Namun, pernyataan ini justru memunculkan tanda tanya baru: mengapa kasus yang sudah dinaikkan dari lidik ke sidik, telah memiliki visum, bukti fisik, dan sejumlah saksi, masih belum berujung pada penetapan tersangka?
Kuasa Hukum: Rekonstruksi Menentukan, Tidak Boleh Ada yang Ditutupi
Kuasa hukum korban, Muhammad Ilyas, S.H., M.Si., menyambut adanya rekonstruksi namun menegaskan bahwa langkah ini harus objektif dan tidak boleh diseret-seret kepentingan tertentu.
“Rekonstruksi adalah titik krusial. Kami berharap tidak ada yang ditutup-tutupi. Ini kesempatan untuk melihat kejadian secara utuh,” tegas Ilyas.
Ia juga menilai bahwa lamanya proses dapat memunculkan persepsi negatif di masyarakat.
“Sembilan bulan terlalu lama untuk kasus dengan bukti fisik seperti ini. Publik bertanya, ada apa sebenarnya?” katanya.

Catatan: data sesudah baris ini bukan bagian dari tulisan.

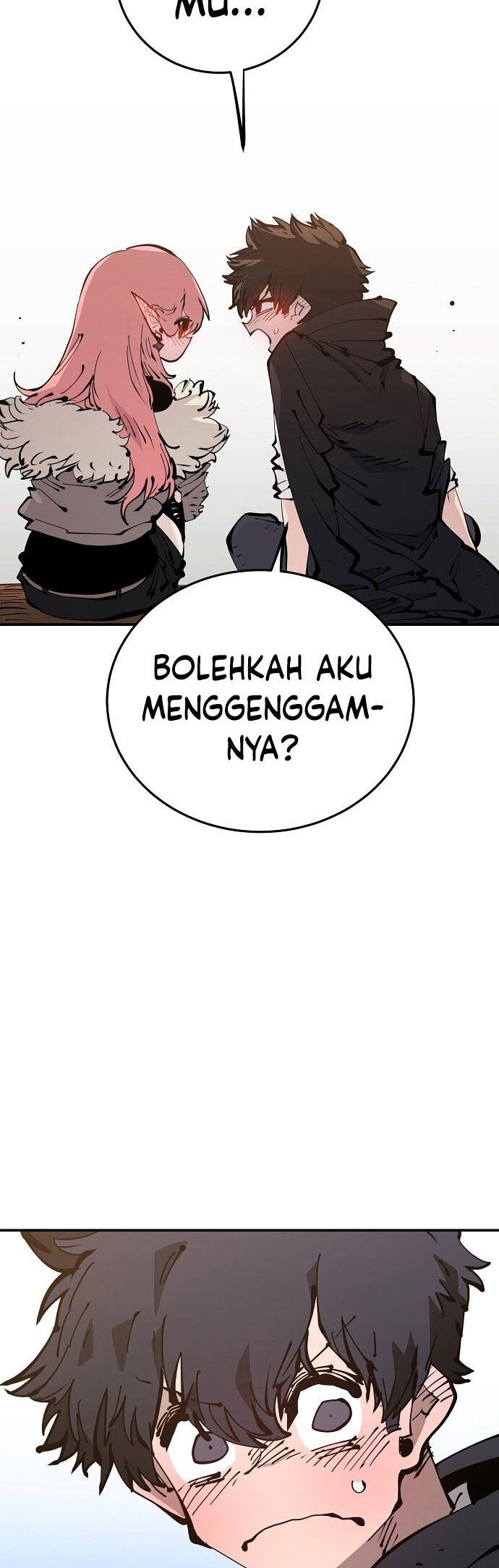 Halaman 253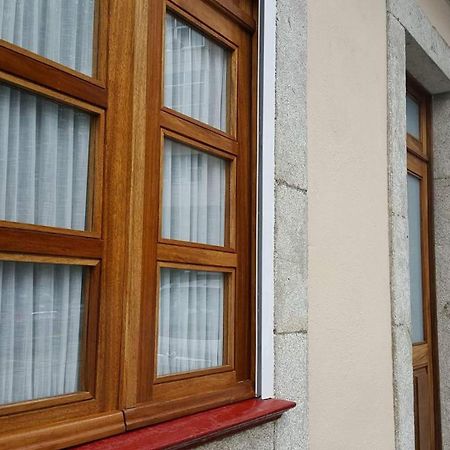 Guestready - Catorze De Outubro Houses 423 Vila Nova de Gaia Eksteriør billede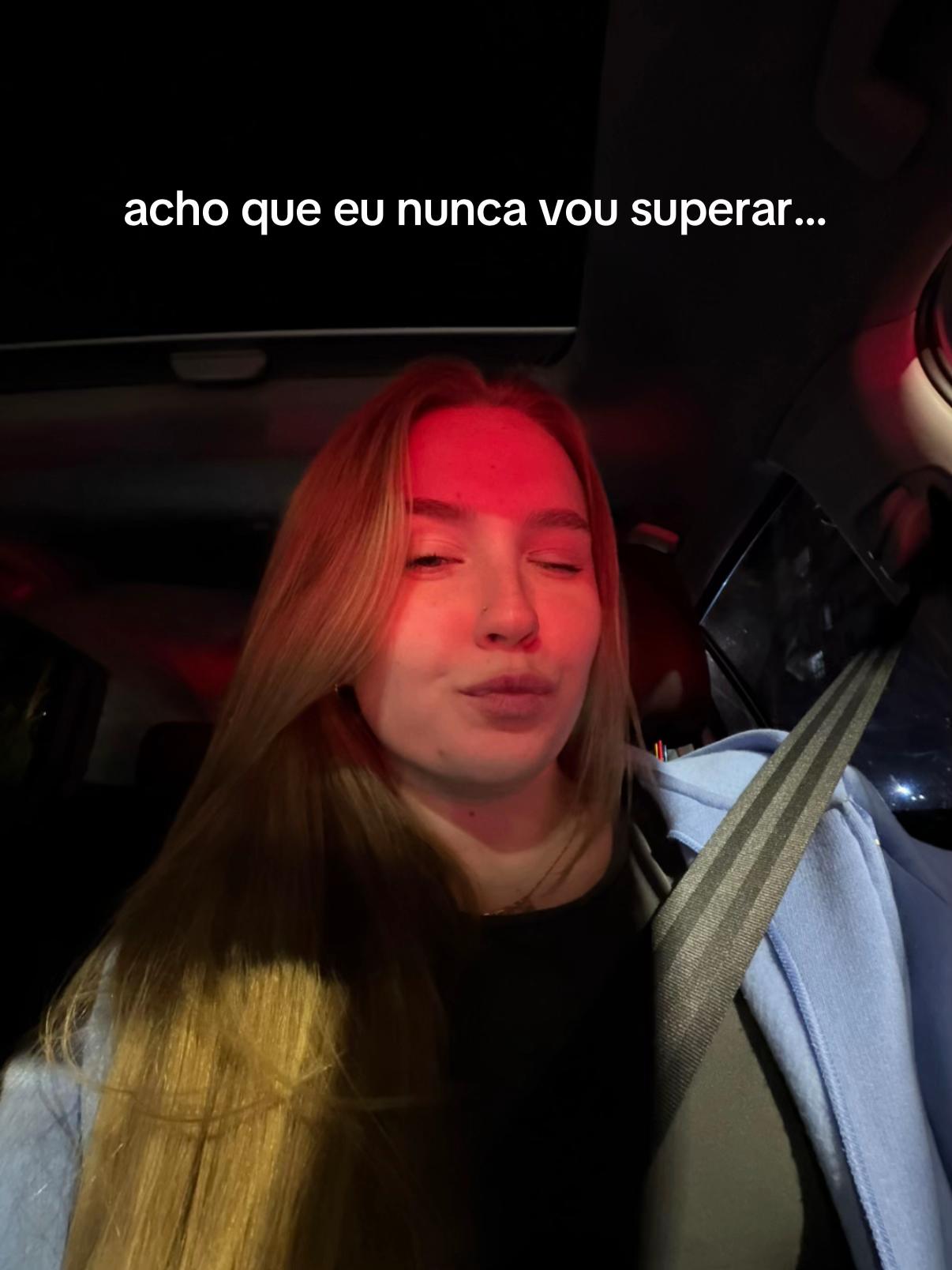 @maddu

Aktivis: Jangan Ada Keistimewaan Hanya Karena Pelaku WNA
Ketua Koordinator Aliansi Aktivis Probolinggo, Kang Suli, menyampaikan kritik keras terhadap lambatnya penanganan. Pihaknya menilai polisi harus berani menegakkan hukum tanpa pandang bulu.
“Kami akan terus kawal. Jangan sampai ada perlakuan istimewa hanya karena pelaku WNA dan punya usaha di daerah wisata,” tegasnya.
Aliansi menyoroti bahwa kasus ini sudah memasuki bulan ke-9 tanpa progres signifikan.
“Gelar perkara memang perlu, tapi setelah itu harus ada tindakan nyata: tetapkan tersangka dan limpahkan ke kejaksaan,” pungkasnya.
PPA Polres Tangani Tiga Kasus Berat Secara Bersamaan
Berdasarkan klarifikasi resmi Unit PPA Polres Probolinggo, setidaknya ada tiga kasus besar yang saat ini menjadi atensi:
- Dugaan Penganiayaan terhadap Suarni
- Dugaan Pencabulan oleh oknum pengasuh sekaligus pemilik pondok pesantren
- Kasus bayi
Namun aktivis menegaskan bahwa banyaknya kasus tidak bisa menjadi alasan lambatnya penegakan hukum.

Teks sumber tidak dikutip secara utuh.